I have considered the "freelist as a hint", but I'm kinda sceptical
about it, because with increasing uptime reclaim should be freeing
rather random pages, so finding some free page in a pageblock doesn't
mean there would be more free pages there than in the other pageblocks?

Instead my plan is to make the migration scanner smarter by expanding
the "skip_on_failure" feature in isolate_migratepages_block(). The
scanner should not even start isolating if the block ahead contains a
page that's not free or lru-isolatable/PageMovable. The current
"look-ahead" is effectively limited by COMPACT_CLUSTER_MAX (32) isolated
pages followed by a migration, after which the scanner might immediately
find a non-migratable page, so if it was called for a THP, that work has
been wasted.

This should be straightforward for direct compaction, but will be
trickier for kcompactd becoming more proactive than the current
wake-up-for-order-X.

> 4. One problem the linear scanner avoids is that a migration target is
>    subsequently used as a migration source and leads to a ping-pong effect.
>    I don't know how bad this is in practice or even if it's a problem at
>    all but it was a concern at the time

I think this is "just" the worst case of the problem 3. It would likely
happen with manually triggered compaction from /proc which would create
a range of free pages near the zone start and then move it along to the
zone end, because there's no other termination criteria.

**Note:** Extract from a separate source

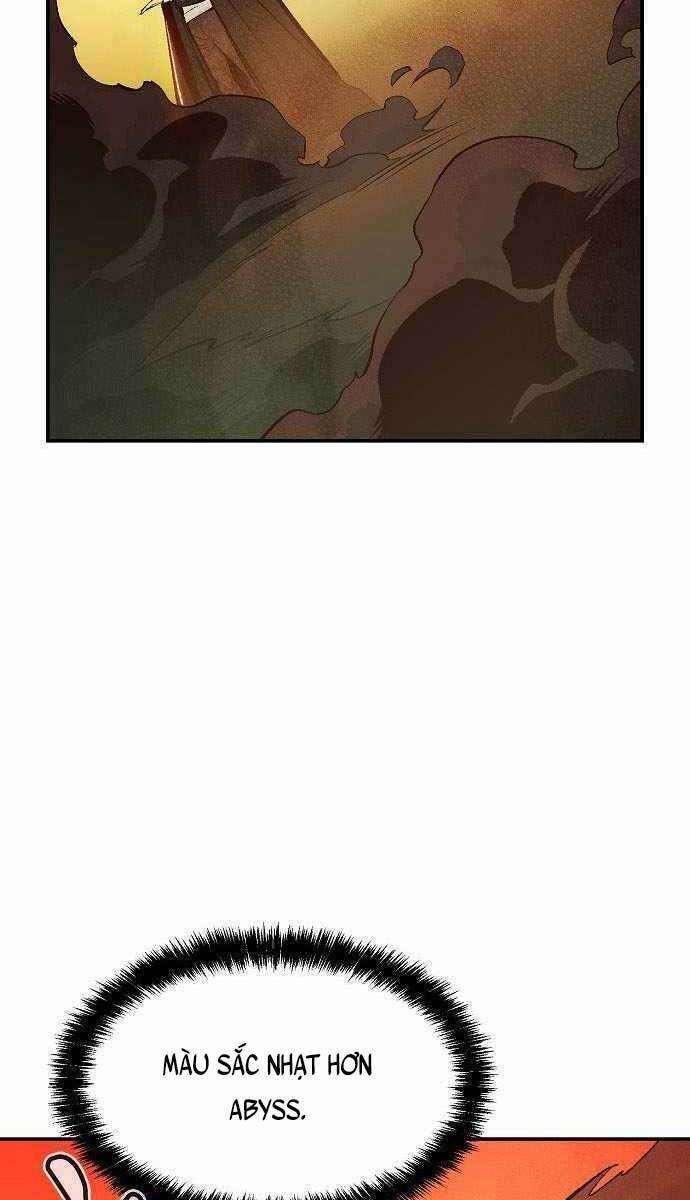 Độc Cô Tử Linh Sư - Chapter 62 - Page 105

The
"look-ahead" heuristics described above might be the trickiest here...

> 5. Consider two processes A and B compacting at the same time with A_s
>    and A_t being the source pageblock and target pageblock that process
>    A is using and B_s/B_t being B's pageblocks. Nothing prevents A_s ==
>    B_t and B_s == A_t. Maybe it rarely happens in practice but it was one
>    problem the linear scanner was meant to avoid.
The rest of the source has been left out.